I wish everybody was going to hear the message from me. I travel a lot. I there's a certain percentage of people that will my abrasiveness will will crack your egg and some of you in here. You need to be very gently spoon fed this program. The book says that every single one of us in here were in our own way are going to transmit the same message. You all understand this is the this is the medicine. Some of us will gulp it. Some of us will sip it, but the medicines the same.
I think there's a dark side out there that would like to have nothing better than to have every single one of us sitting in here questioning whether or not we can be useful or not. These guys that bring the the meetings out here, slide up next to him and ask him what you can do to be of service chair meeting. Set the chairs up, break the chairs down. You're going to do something to give back or you're going to go away.
And I got to tell you, we need every dadgum one of you. That was
the greatest thing that man ever told me, and it kept me in this fellowship for 21 years. We need you guys these light years away from keep coming back. You all understand that
we want you to keep coming back, but we want you to be a part of our ride. I didn't bond with every cyclist I ever came across, and I don't bond with everybody in a A. Just because you're in a A doesn't mean we're brothers.
Let me watch you chair that meeting. Let me watch you go out of your way to help that little guy in the back that's coming unglued. Then we're brothers.
Thank you so much for asking me. Thank you.
Everybody. I'm Jeremy Alcohol.
This session is being recorded and there is a clipboard up here if you like a copy of that. We should have it next week or the week after.

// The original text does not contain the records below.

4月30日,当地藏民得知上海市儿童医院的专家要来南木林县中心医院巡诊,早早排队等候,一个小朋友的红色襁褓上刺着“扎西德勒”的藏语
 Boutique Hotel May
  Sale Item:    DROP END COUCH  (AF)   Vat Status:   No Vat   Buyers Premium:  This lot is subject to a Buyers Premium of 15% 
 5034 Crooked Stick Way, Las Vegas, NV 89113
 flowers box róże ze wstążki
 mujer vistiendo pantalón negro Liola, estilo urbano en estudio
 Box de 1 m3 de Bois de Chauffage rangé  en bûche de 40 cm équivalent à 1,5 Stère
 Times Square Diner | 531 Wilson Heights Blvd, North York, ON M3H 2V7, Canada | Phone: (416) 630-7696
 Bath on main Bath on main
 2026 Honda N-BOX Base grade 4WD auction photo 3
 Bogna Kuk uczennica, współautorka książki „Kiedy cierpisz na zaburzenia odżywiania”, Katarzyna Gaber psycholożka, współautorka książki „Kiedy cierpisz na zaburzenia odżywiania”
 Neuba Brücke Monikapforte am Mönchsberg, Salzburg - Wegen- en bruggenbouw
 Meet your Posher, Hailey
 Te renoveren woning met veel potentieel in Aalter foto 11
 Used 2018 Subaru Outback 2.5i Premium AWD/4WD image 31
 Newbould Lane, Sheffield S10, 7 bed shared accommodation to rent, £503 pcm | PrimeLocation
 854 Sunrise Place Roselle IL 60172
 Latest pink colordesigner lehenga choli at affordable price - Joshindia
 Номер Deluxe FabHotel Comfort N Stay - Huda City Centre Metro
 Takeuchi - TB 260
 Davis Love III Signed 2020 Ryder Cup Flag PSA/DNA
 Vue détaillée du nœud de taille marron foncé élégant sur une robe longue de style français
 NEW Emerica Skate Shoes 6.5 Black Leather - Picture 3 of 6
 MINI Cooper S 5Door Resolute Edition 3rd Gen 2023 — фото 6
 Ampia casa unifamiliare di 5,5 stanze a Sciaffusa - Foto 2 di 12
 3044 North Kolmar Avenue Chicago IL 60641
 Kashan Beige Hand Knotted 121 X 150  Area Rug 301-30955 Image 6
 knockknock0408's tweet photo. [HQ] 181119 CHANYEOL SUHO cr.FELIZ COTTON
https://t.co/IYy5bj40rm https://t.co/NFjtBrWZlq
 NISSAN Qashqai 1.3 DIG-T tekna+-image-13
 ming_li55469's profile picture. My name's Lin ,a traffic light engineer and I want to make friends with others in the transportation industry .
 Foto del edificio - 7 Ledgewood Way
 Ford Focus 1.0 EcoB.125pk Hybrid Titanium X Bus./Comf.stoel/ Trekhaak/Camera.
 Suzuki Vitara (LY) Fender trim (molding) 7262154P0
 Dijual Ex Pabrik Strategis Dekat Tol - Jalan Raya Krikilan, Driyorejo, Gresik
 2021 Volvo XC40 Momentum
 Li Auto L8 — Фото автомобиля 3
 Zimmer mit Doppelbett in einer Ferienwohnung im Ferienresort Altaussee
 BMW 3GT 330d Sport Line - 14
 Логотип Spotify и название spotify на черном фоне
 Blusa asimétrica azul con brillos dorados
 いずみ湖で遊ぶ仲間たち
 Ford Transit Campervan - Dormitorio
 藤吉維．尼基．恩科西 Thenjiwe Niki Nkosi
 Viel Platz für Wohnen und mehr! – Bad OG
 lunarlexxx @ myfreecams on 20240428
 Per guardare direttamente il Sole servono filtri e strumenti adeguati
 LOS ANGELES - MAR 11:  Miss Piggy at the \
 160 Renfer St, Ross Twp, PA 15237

OK, great. Want to thank everyone for coming. I wanted to really thank from our from our group to to Chris,
thank you from all the way to Texas to
and for those of you who are here for the first time, we'd like to invite you back to this group next week. We do some of that action that Chris was talking about. We meet here every every Monday at Monday at 8. Some of you are looking for a sponsor. So if everyone who has taken our steps have been blessed with the spiritual awakening and has the time and willingness to work with others, please stand up.
Please see one of these people after our meeting. If you'd like to become a Home group member,
please give with our secretary or anyone sitting up right on here.
Our book is meant to be suggestive only. We realize we only know a little. God will disclose constantly disclose more to you and to us. Ask Him in your morning meditation what you can do each day for the man who is so sick. The answers will come if your own house is in order, but you obviously cannot transmit something you haven't got. See to it that your relationship with Him is right and great events will come to pass for you and for countless others. This is the great fact for us.
Abandoned yourself to God. As you understand God, admit your faults to Him
and your fellows, clear away the wreckage of your past, give freely of what you find, and join us. We shall be with you in the fellowship of the Spirit, and you surely meet some of us as you charge the road of happy destiny. May God bless you and keep you to them.